Cofilin stimulates actin filament turnover in vivo. The phenotypes of twenty yeast cofilin mutants generated by systematic mutagenesis were determined. Ten grew as well as the wild type and showed no cytoskeleton defects, seven were recessive-lethal and three were conditional-lethal and caused severe actin organization defects. Biochemical characterization of interactions between nine mutant yeast cofilins and yeast actin provided evidence that F-actin binding and depolymerization are essential cofilin functions. Locating the mutated residues on the yeast cofilin molecular structure allowed several important conclusions to be drawn. First, residues required for actin monomer binding are proximal to each other. Secondly, additional residues are required for interactions with actin filaments; these residues might bind an adjacent subunit in the actin filament. Thirdly, despite striking structural similarity, cofilin interacts with actin in a different manner from gelsolin segment-1. Fourthly, a previously unrecognized cofilin function or interaction is suggested by identification of spatially proximal residues important for cofilin function in vivo, but not for actin interactions in vitro. Finally, mutation of the cofilin N-terminus suggests that its sequence is conserved because of its critical role in actin interactions, not because it is sometimes a target for protein kinases.

Crystal structure of the actin-binding protein actophorin from Acanthamoeba.

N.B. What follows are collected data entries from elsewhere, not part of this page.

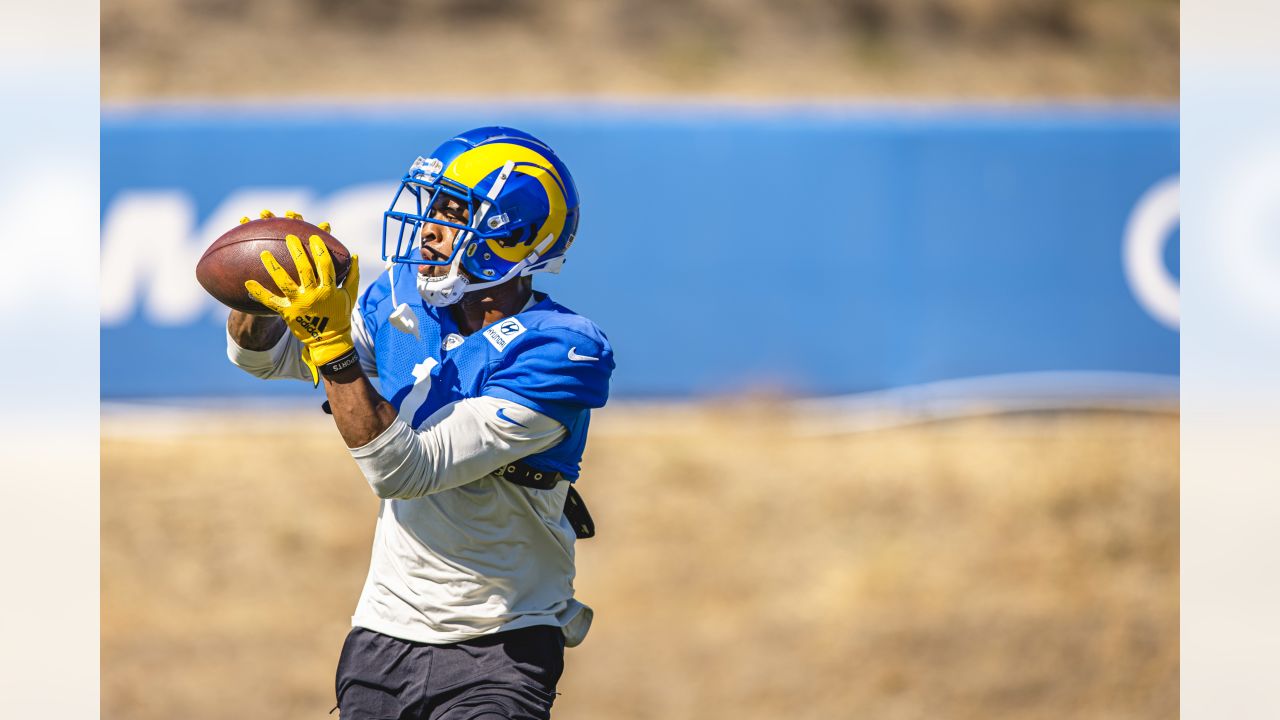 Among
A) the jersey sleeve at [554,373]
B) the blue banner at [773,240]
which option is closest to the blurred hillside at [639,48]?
the blue banner at [773,240]

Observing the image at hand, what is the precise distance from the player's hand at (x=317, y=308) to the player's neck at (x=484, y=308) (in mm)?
440

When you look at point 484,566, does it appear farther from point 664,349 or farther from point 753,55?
point 753,55

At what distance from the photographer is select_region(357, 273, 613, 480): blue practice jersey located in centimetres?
339

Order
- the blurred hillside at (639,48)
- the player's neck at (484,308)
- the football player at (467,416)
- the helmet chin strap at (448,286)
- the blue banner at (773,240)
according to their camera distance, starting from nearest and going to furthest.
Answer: the football player at (467,416) < the helmet chin strap at (448,286) < the player's neck at (484,308) < the blue banner at (773,240) < the blurred hillside at (639,48)

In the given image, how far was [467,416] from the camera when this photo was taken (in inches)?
129

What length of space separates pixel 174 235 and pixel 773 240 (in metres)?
4.61

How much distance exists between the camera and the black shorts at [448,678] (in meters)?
3.36

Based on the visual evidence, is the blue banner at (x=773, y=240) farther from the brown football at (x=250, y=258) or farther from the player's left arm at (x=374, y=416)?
the player's left arm at (x=374, y=416)

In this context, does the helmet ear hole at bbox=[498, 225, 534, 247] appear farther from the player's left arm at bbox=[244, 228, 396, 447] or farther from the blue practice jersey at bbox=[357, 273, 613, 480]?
the player's left arm at bbox=[244, 228, 396, 447]

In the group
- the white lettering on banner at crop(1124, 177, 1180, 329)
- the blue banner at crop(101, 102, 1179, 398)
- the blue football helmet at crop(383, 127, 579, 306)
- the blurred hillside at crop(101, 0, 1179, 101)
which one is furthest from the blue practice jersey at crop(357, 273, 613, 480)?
the blurred hillside at crop(101, 0, 1179, 101)

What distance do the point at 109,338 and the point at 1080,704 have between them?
24.2 ft

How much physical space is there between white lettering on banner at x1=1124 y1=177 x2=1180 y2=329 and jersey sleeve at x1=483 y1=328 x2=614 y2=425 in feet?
24.9

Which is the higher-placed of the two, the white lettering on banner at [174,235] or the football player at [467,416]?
the white lettering on banner at [174,235]

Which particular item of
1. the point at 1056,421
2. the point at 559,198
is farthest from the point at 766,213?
the point at 559,198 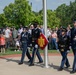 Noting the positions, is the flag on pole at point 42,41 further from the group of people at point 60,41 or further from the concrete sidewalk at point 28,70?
the concrete sidewalk at point 28,70

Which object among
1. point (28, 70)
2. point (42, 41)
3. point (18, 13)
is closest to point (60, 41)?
point (42, 41)

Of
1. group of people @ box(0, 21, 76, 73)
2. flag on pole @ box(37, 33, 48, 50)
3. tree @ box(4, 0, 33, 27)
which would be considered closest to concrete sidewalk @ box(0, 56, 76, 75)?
group of people @ box(0, 21, 76, 73)

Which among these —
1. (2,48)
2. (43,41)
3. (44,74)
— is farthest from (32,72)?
(2,48)

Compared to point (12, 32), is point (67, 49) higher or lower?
lower

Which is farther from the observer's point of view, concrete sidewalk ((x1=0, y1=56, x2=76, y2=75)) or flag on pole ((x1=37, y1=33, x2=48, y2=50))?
flag on pole ((x1=37, y1=33, x2=48, y2=50))

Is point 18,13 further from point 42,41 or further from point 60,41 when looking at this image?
point 60,41

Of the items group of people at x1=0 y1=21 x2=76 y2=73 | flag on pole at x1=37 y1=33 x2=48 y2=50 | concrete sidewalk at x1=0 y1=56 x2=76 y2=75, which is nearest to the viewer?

Leonard SA, Gittis AG, Petrella EC, Pollard TD, Lattman EE
Nat Struct Biol. 1997; 4: 369-73

Actophorin is a member of the actin-depolymerizing factor/cofilin family. It severs actin filaments and sequesters actin monomers. The crystal structure of actophorin will help to elucidate actin-ADF/cofilin interactions.

Sequence of cDNAs encoding actin depolymerizing factor and cofilin of embryonic chicken skeletal muscle: two functionally distinct actin-regulatory proteins exhibit high structural homology.

Abe H, Endo T, Yamamoto K, Obinata T
Biochemistry. 1990; 29: 7420-5

Two actin-regulatory proteins of 19 and 20 kDa are involved in the regulation of actin assembly in developing chicken skeletal muscle. They are homologous with actin depolymerizing factor (ADF) and cofilin, a pH-dependent actin-modulating protein, which were originally discovered in chicken and mammalian brain, respectively. In this study, full-length cDNA clones were isolated by screening a lambda gt11 cDNA library constructed from poly(A+) RNA of embryonic chicken skeletal muscle with the antibodies specific for each protein, and their complete sequences were determined. The chicken cofilin cDNA encoded a protein of 166 amino acids, the sequence of which had over 80% identity with that of porcine brain cofilin. The amino acid sequence of the ADF was 165 amino acids and showed about 70% identity with either chicken or mammalian cofilin, in spite of the fact that ADF and cofilin are functionally distinct. Like chicken and mammalian cofilin, ADF contained a sequence similar to the nuclear transport signal sequence of SV40 large T antigen. ADF and cofilin shared a hexapeptide identical with the amino-terminal sequence of tropomyosin as well as the regions homologous to other actin-regulatory proteins, including depactin, gelsolin, and profilin. The overall nucleotide sequences and Southern blot analysis of genomic DNA, however, indicated that the two proteins were derived from different genes.